◆ **YOUR OBJECTIVE**
Would you please transcribe the listing exactly, with no images?

◆ **EXERCISE DATA**
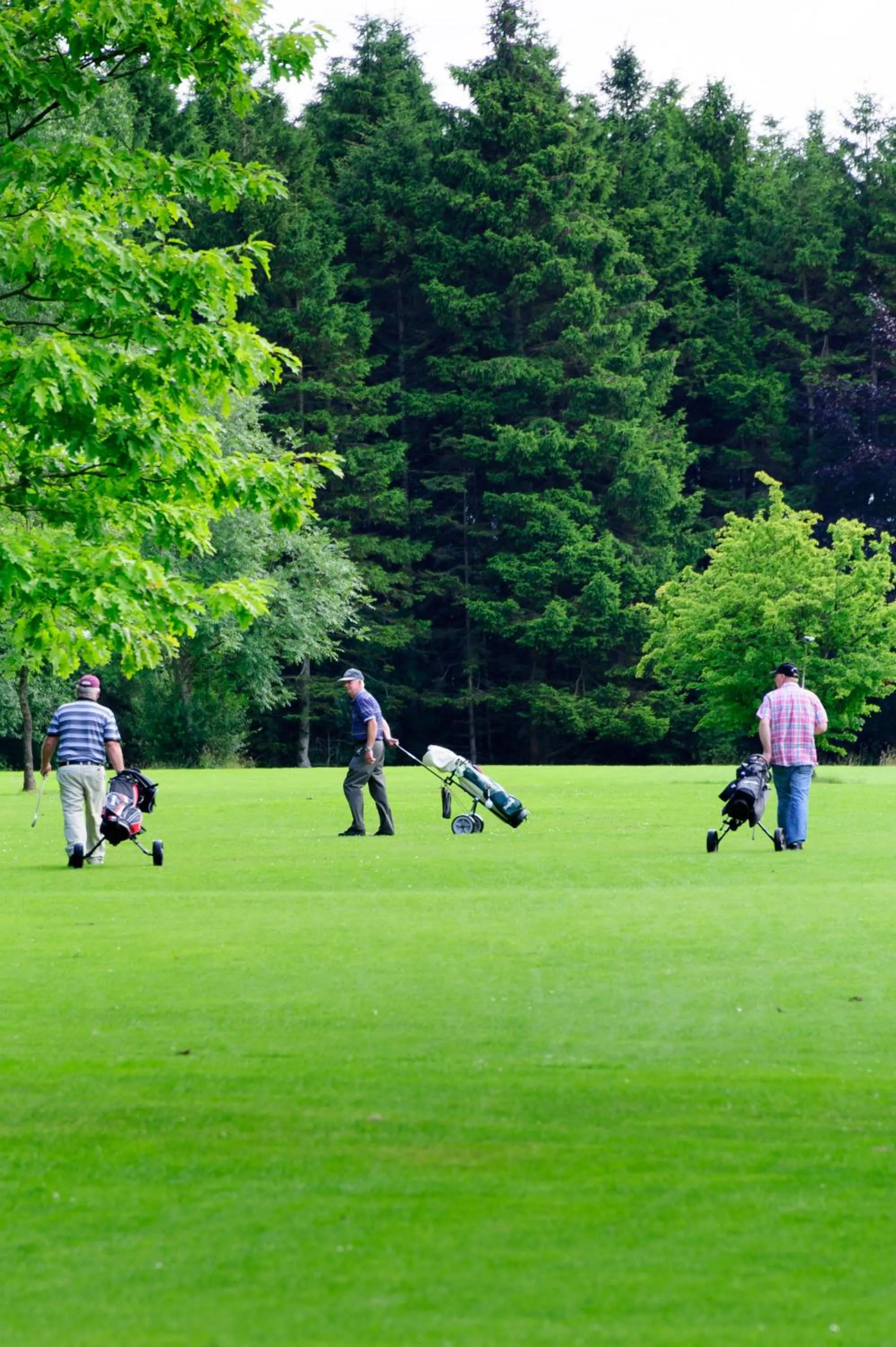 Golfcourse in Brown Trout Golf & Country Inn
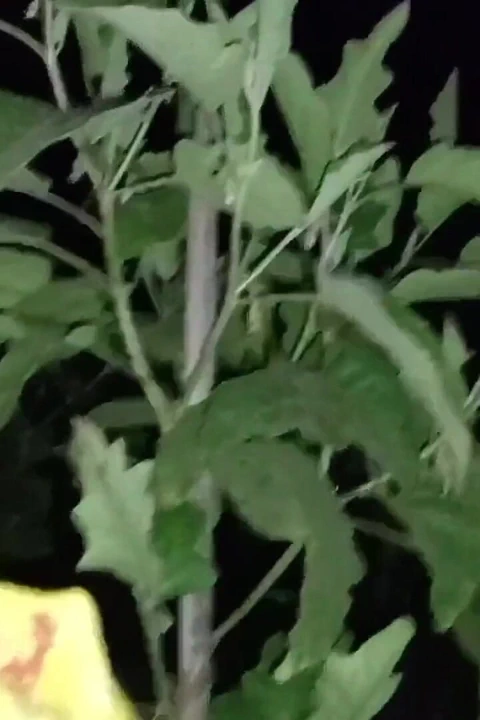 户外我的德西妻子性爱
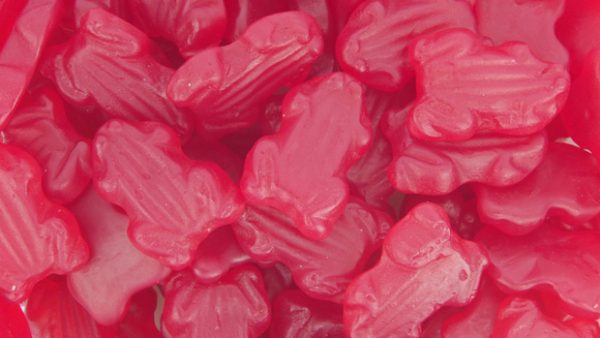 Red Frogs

◆ **RESULT OF THE EXERCISE**
 Golfcourse in Brown Trout Golf & Country Inn
 户外我的德西妻子性爱
 Red Frogs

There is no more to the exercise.